Listed entries —
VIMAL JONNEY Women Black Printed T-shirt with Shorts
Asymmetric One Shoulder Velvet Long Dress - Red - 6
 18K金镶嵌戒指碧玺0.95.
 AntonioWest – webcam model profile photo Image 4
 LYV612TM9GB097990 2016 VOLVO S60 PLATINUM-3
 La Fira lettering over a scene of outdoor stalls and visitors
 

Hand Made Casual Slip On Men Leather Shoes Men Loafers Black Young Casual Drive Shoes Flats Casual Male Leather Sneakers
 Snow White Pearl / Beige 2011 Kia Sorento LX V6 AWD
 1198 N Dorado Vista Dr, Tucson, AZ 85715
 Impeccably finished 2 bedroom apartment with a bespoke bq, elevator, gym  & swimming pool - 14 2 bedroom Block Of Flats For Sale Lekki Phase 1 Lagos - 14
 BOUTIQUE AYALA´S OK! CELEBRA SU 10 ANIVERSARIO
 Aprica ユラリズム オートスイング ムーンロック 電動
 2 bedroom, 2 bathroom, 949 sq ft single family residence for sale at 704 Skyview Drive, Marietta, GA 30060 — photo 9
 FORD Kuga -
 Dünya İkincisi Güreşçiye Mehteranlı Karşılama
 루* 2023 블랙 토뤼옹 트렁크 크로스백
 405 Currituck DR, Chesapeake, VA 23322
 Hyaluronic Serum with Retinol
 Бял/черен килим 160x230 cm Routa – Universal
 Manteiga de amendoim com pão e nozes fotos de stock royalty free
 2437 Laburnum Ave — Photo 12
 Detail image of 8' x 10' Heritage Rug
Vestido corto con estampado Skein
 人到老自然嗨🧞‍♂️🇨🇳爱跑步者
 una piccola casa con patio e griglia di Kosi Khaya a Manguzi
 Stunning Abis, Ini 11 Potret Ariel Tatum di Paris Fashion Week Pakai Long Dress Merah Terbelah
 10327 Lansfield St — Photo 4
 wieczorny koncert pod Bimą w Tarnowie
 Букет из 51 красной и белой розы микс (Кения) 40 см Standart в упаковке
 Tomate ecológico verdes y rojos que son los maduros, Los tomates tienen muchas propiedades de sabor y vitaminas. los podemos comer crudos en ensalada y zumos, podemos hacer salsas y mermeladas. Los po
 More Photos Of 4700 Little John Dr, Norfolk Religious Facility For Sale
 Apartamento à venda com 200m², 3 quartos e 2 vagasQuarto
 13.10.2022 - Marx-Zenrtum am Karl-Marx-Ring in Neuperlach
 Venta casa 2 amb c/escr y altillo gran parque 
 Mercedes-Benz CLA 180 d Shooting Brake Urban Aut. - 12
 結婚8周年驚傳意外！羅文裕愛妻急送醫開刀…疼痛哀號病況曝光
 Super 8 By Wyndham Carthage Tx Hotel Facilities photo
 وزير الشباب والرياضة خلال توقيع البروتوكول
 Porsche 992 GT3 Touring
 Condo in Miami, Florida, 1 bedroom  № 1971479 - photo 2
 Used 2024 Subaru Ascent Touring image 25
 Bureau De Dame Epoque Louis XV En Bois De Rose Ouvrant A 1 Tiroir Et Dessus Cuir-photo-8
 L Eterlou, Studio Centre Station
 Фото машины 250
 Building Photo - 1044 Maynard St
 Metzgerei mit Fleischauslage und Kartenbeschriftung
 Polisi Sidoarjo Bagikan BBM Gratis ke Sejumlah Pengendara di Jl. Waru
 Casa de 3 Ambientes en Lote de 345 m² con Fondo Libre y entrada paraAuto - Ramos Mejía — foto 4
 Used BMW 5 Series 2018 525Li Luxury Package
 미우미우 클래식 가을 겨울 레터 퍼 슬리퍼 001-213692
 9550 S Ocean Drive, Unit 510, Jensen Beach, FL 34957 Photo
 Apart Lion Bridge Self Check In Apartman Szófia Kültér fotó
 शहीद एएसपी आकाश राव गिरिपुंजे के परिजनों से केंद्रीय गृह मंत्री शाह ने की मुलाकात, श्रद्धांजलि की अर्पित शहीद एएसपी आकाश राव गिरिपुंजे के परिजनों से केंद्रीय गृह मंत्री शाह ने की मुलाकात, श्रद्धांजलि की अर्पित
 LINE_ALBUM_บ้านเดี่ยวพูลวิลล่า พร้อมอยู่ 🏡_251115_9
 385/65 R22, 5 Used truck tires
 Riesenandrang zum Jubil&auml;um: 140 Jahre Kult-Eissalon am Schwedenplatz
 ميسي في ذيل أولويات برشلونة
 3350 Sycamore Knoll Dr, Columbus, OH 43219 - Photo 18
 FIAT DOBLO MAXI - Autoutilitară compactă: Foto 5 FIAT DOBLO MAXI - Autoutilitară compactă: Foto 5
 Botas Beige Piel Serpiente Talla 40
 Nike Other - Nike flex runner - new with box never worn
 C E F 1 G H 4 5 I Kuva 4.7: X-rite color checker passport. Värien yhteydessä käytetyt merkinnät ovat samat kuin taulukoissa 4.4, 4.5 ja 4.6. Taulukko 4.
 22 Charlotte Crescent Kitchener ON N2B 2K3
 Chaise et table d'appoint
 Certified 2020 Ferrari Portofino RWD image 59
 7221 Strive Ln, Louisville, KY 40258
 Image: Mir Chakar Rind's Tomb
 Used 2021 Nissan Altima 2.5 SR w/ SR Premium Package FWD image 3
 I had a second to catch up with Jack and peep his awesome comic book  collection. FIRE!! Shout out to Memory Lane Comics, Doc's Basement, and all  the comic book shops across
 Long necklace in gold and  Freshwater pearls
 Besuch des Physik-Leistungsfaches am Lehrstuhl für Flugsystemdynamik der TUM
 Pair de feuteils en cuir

Task instructions — Copy out the entire listing word for word. Keep every line as it is.

Exercise response —
VIMAL JONNEY Women Black Printed T-shirt with Shorts
Asymmetric One Shoulder Velvet Long Dress - Red - 6
 18K金镶嵌戒指碧玺0.95.
 AntonioWest – webcam model profile photo Image 4
 LYV612TM9GB097990 2016 VOLVO S60 PLATINUM-3
 La Fira lettering over a scene of outdoor stalls and visitors
 

Hand Made Casual Slip On Men Leather Shoes Men Loafers Black Young Casual Drive Shoes Flats Casual Male Leather Sneakers
 Snow White Pearl / Beige 2011 Kia Sorento LX V6 AWD
 1198 N Dorado Vista Dr, Tucson, AZ 85715
 Impeccably finished 2 bedroom apartment with a bespoke bq, elevator, gym  & swimming pool - 14 2 bedroom Block Of Flats For Sale Lekki Phase 1 Lagos - 14
 BOUTIQUE AYALA´S OK! CELEBRA SU 10 ANIVERSARIO
 Aprica ユラリズム オートスイング ムーンロック 電動
 2 bedroom, 2 bathroom, 949 sq ft single family residence for sale at 704 Skyview Drive, Marietta, GA 30060 — photo 9
 FORD Kuga -
 Dünya İkincisi Güreşçiye Mehteranlı Karşılama
 루* 2023 블랙 토뤼옹 트렁크 크로스백
 405 Currituck DR, Chesapeake, VA 23322
 Hyaluronic Serum with Retinol
 Бял/черен килим 160x230 cm Routa – Universal
 Manteiga de amendoim com pão e nozes fotos de stock royalty free
 2437 Laburnum Ave — Photo 12
 Detail image of 8' x 10' Heritage Rug
Vestido corto con estampado Skein
 人到老自然嗨🧞‍♂️🇨🇳爱跑步者
 una piccola casa con patio e griglia di Kosi Khaya a Manguzi
 Stunning Abis, Ini 11 Potret Ariel Tatum di Paris Fashion Week Pakai Long Dress Merah Terbelah
 10327 Lansfield St — Photo 4
 wieczorny koncert pod Bimą w Tarnowie
 Букет из 51 красной и белой розы микс (Кения) 40 см Standart в упаковке
 Tomate ecológico verdes y rojos que son los maduros, Los tomates tienen muchas propiedades de sabor y vitaminas. los podemos comer crudos en ensalada y zumos, podemos hacer salsas y mermeladas. Los po
 More Photos Of 4700 Little John Dr, Norfolk Religious Facility For Sale
 Apartamento à venda com 200m², 3 quartos e 2 vagasQuarto
 13.10.2022 - Marx-Zenrtum am Karl-Marx-Ring in Neuperlach
 Venta casa 2 amb c/escr y altillo gran parque 
 Mercedes-Benz CLA 180 d Shooting Brake Urban Aut. - 12
 結婚8周年驚傳意外！羅文裕愛妻急送醫開刀…疼痛哀號病況曝光
 Super 8 By Wyndham Carthage Tx Hotel Facilities photo
 وزير الشباب والرياضة خلال توقيع البروتوكول
 Porsche 992 GT3 Touring
 Condo in Miami, Florida, 1 bedroom  № 1971479 - photo 2
 Used 2024 Subaru Ascent Touring image 25
 Bureau De Dame Epoque Louis XV En Bois De Rose Ouvrant A 1 Tiroir Et Dessus Cuir-photo-8
 L Eterlou, Studio Centre Station
 Фото машины 250
 Building Photo - 1044 Maynard St
 Metzgerei mit Fleischauslage und Kartenbeschriftung
 Polisi Sidoarjo Bagikan BBM Gratis ke Sejumlah Pengendara di Jl. Waru
 Casa de 3 Ambientes en Lote de 345 m² con Fondo Libre y entrada paraAuto - Ramos Mejía — foto 4
 Used BMW 5 Series 2018 525Li Luxury Package
 미우미우 클래식 가을 겨울 레터 퍼 슬리퍼 001-213692
 9550 S Ocean Drive, Unit 510, Jensen Beach, FL 34957 Photo
 Apart Lion Bridge Self Check In Apartman Szófia Kültér fotó
 शहीद एएसपी आकाश राव गिरिपुंजे के परिजनों से केंद्रीय गृह मंत्री शाह ने की मुलाकात, श्रद्धांजलि की अर्पित शहीद एएसपी आकाश राव गिरिपुंजे के परिजनों से केंद्रीय गृह मंत्री शाह ने की मुलाकात, श्रद्धांजलि की अर्पित
 LINE_ALBUM_บ้านเดี่ยวพูลวิลล่า พร้อมอยู่ 🏡_251115_9
 385/65 R22, 5 Used truck tires
 Riesenandrang zum Jubil&auml;um: 140 Jahre Kult-Eissalon am Schwedenplatz
 ميسي في ذيل أولويات برشلونة
 3350 Sycamore Knoll Dr, Columbus, OH 43219 - Photo 18
 FIAT DOBLO MAXI - Autoutilitară compactă: Foto 5 FIAT DOBLO MAXI - Autoutilitară compactă: Foto 5
 Botas Beige Piel Serpiente Talla 40
 Nike Other - Nike flex runner - new with box never worn
 C E F 1 G H 4 5 I Kuva 4.7: X-rite color checker passport. Värien yhteydessä käytetyt merkinnät ovat samat kuin taulukoissa 4.4, 4.5 ja 4.6. Taulukko 4.
 22 Charlotte Crescent Kitchener ON N2B 2K3
 Chaise et table d'appoint
 Certified 2020 Ferrari Portofino RWD image 59
 7221 Strive Ln, Louisville, KY 40258
 Image: Mir Chakar Rind's Tomb
 Used 2021 Nissan Altima 2.5 SR w/ SR Premium Package FWD image 3
 I had a second to catch up with Jack and peep his awesome comic book  collection. FIRE!! Shout out to Memory Lane Comics, Doc's Basement, and all  the comic book shops across
 Long necklace in gold and  Freshwater pearls
 Besuch des Physik-Leistungsfaches am Lehrstuhl für Flugsystemdynamik der TUM
 Pair de feuteils en cuir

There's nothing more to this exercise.